▶ REQUIRED ACTION
Reproduce the entries below exactly, but only from the line containing "Used 2022 Mercedes-Benz" to the line containing "Used 2025 Chevrolet", inclusive.

Dataset entries:
_ _ _ _

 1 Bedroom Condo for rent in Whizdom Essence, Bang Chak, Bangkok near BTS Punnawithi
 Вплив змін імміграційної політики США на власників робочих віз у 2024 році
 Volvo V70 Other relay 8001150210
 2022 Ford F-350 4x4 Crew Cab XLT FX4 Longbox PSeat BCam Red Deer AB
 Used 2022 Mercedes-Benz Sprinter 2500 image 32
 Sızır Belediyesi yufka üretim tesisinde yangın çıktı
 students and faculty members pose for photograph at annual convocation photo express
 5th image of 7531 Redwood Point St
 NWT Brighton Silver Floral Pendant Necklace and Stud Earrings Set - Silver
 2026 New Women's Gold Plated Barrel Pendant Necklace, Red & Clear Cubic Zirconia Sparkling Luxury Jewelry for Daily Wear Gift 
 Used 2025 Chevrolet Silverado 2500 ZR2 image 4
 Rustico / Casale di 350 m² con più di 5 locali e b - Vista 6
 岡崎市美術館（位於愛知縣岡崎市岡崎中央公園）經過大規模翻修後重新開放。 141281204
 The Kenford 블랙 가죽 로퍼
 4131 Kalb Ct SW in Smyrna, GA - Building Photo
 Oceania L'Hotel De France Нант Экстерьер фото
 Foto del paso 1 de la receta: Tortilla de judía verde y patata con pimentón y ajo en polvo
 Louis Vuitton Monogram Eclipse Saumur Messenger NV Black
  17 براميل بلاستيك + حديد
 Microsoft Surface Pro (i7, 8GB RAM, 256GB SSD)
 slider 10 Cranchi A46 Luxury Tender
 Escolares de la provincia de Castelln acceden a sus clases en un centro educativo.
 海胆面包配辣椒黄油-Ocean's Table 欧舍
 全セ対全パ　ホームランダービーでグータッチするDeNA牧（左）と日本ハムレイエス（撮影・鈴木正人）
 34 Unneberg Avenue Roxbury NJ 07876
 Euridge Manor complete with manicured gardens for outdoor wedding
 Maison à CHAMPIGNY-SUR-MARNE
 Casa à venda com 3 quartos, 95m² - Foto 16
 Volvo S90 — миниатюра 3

_ _ _ _

▶ EXERCISE SOLUTION
 Used 2022 Mercedes-Benz Sprinter 2500 image 32
 Sızır Belediyesi yufka üretim tesisinde yangın çıktı
 students and faculty members pose for photograph at annual convocation photo express
 5th image of 7531 Redwood Point St
 NWT Brighton Silver Floral Pendant Necklace and Stud Earrings Set - Silver
 2026 New Women's Gold Plated Barrel Pendant Necklace, Red & Clear Cubic Zirconia Sparkling Luxury Jewelry for Daily Wear Gift 
 Used 2025 Chevrolet Silverado 2500 ZR2 image 4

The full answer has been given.